Venerdì 19 Aprile 2024

Voucher, Centinaio: "Da reintrodurre in agricoltura e turismo"

Il leghista, ministro delle Politiche agricole con delega al turismo, in pressing sul decreto dignità: "In Parlamento renderemo le norme più efficienti"

Gian Marco Centinaio, ministro delle Politiche Agricole (Ansa)

Gian Marco Centinaio, ministro delle Politiche Agricole (Ansa)

Roma, 5 luglio 2018 - La mission di Gian Marco Centinaio, ministro delle Politiche agricole con delega al turismo, è lo sviluppo del made in Italy in tutte le sue forme e pur di riuscirci non esita a andare controcorrente.

Ministro, lei si sta battendo a favore dei voucher. In agricoltura devono essere reintrodotti? «Assolutamente sì. Sono fondamentali. E tutte le associazioni di categoria sono d’accordo. Con Di Maio ne discuteremo ma ho già spiegato che a me non interessa falsare i dati sull’occupazione, facendo figurare tra gli occupati anche coloro che lavorano con i voucher. Non mi interessa dire che con i voucher in agricoltura avremmo 50mila occupati in più. Mi interessa garantire la produzione anche con lavori occasionali, purché legali, con contributi e tutele. Anche perché l’alternativa è il lavoro nero». 

Ma i sindacati protestano... «I sindacati non mi hanno affatto convinto sui voucher. Io vado avanti per la mia strada».

Non solo l’agricoltura utilizza il lavoro stagionale. I voucher andrebbero introdotti anche per il turismo? «Sì, anche nel turismo.
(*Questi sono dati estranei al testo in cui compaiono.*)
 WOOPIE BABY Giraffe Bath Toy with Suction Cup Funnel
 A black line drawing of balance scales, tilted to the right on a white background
Tantissimi operatori del settore si lamentano da quando Renzi e Gentiloni, li abolirono». 

Però in tanti se ne approfittano e truffano stato e lavoratori...  «Basterebbe una regola semplice per evitare le truffe: quando si acquistano i voucher dovrebbe essere indicato, oltre al nome del lavoratore, anche il giorno e l’orario di utilizzo. Le truffe cesserebbero immediatamente».

A proposito di flessibilità, non le sembra che il decreto Di Maio rischi di danneggiare le aziende? «Io parlo solo per le mie deleghe e posso dirvi che gli imprenditori del turismo si sono lamentati. Ma sono certo che nel passaggio in Parlamento si troveranno le soluzioni migliori per tutelare i precari e garantire la produttività rendendo il decreto più efficiente».
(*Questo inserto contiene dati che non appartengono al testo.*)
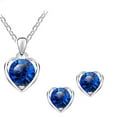 thumbnail image 5 of Yesbay Women Rhinestone Heart Pendant Necklace Chain Stud Earrings Party Jewelry Set,White, 5 of 7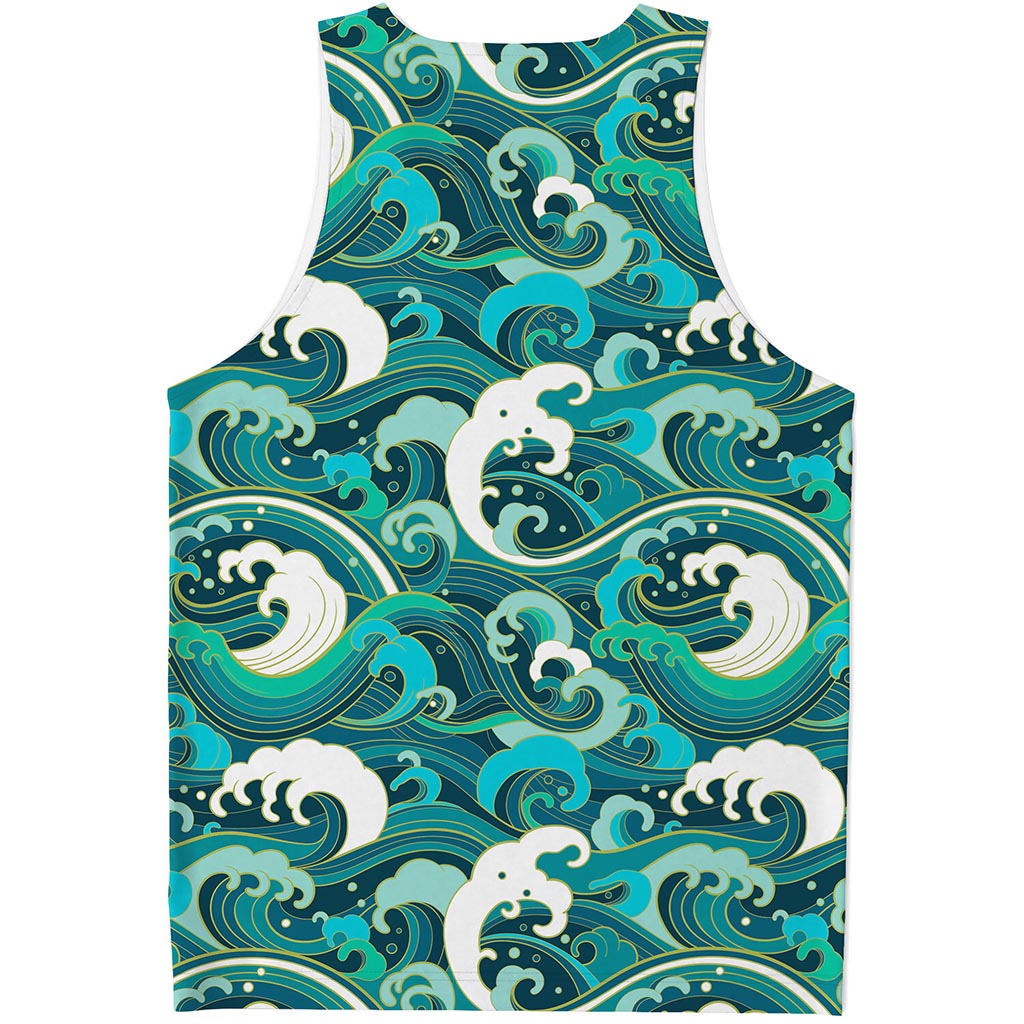 Deep Sea Wave Surfing Pattern Print Men's Tank Top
Ministro, anche sui dazi sta andando controcorrente. Non è pericoloso mettersi contro i leader della maggioranza? «Non c’è alcun pericolo, perché io, Salvini e Di Maio vogliamo tutti la stessa cosa: difendere la produzione italiana e i consumatori. Ovvero, evitare che prodotti di cattiva qualità e magari anche pericolosi arrivino sulle nostre tavole creando peraltro concorrenza sleale alle nostre aziende. Non c’è alcuna divisione. Si tratta solo di decidere qual è la strategia migliore per ottenere questo risultato. Io per esempio sono favorevole a maggiori controlli e contrario ai dazi e sono contento che anche Mattarella la pensi come me. Peraltro ne ho parlato con Salvini che ha capito benissimo cosa si rischia».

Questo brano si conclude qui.